• **Your instructions**:
Give all of the data below again exactly, and drop the images.

• **Data shown**:

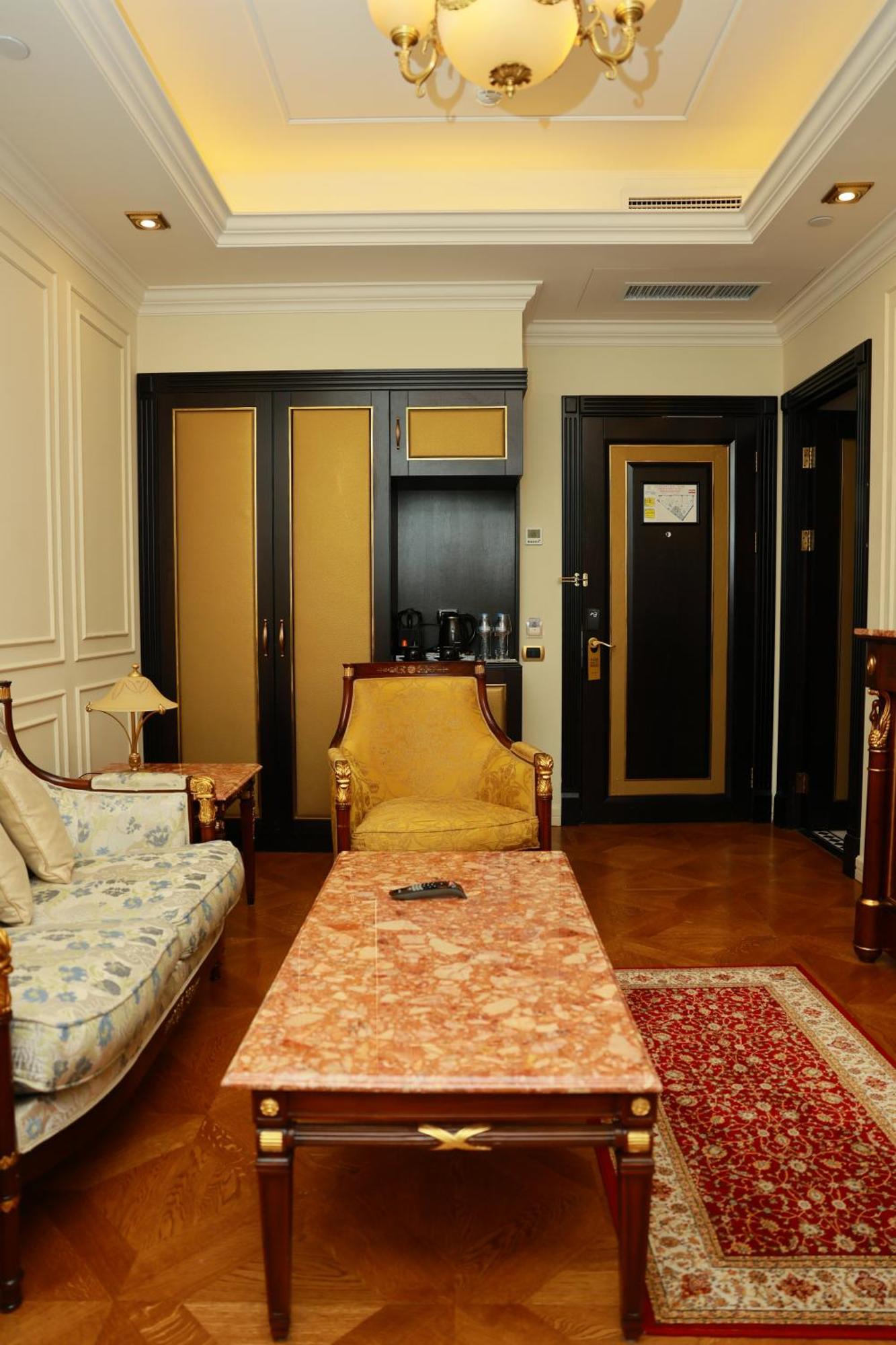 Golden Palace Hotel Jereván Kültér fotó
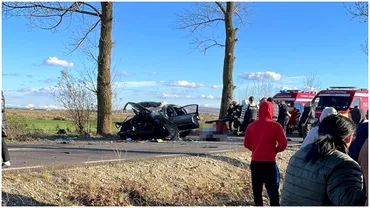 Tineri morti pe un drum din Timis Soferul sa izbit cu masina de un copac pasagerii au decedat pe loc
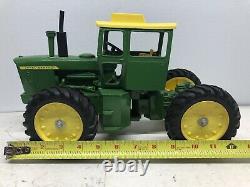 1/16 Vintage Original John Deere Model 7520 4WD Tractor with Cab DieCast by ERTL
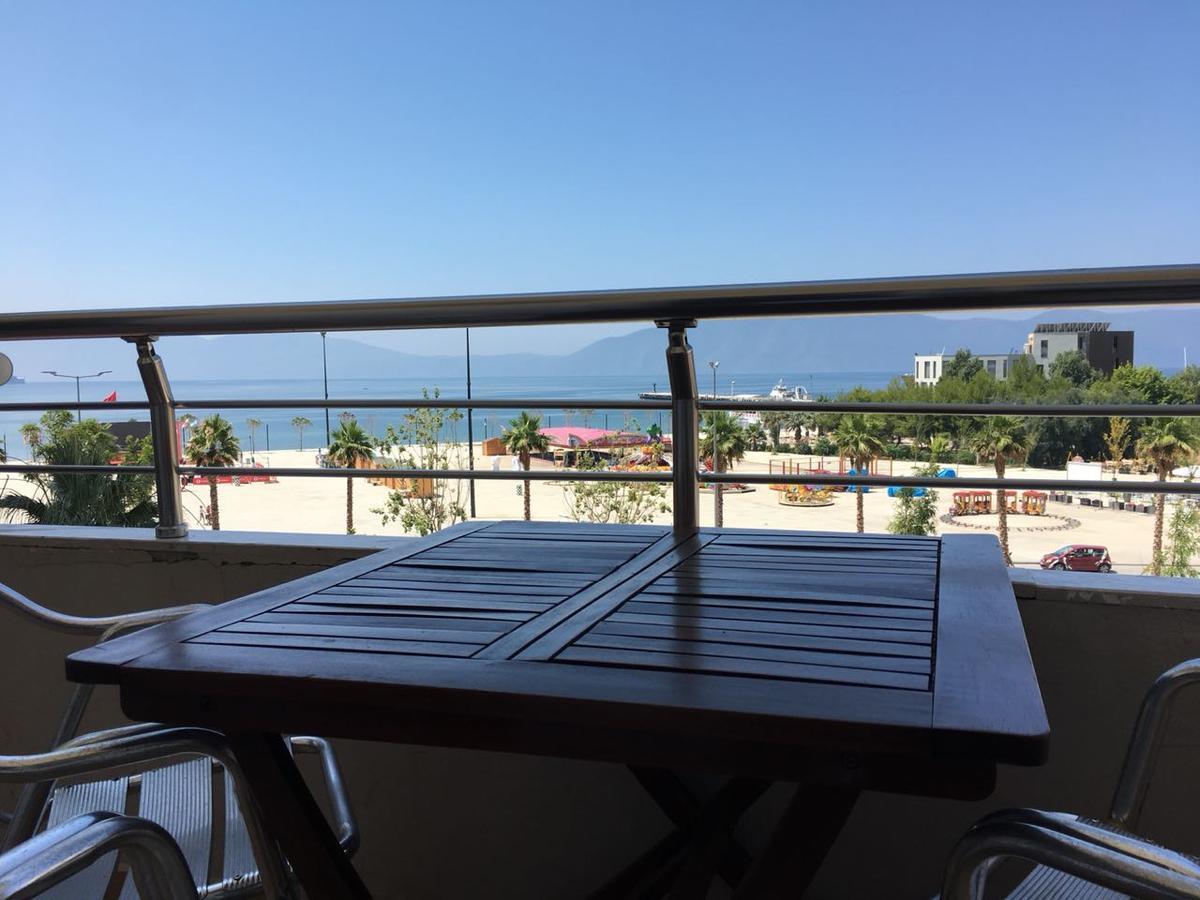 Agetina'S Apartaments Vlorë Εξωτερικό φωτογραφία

• **Answer to this task**:
 Golden Palace Hotel Jereván Kültér fotó
 Tineri morti pe un drum din Timis Soferul sa izbit cu masina de un copac pasagerii au decedat pe loc
 1/16 Vintage Original John Deere Model 7520 4WD Tractor with Cab DieCast by ERTL
 Agetina'S Apartaments Vlorë Εξωτερικό φωτογραφία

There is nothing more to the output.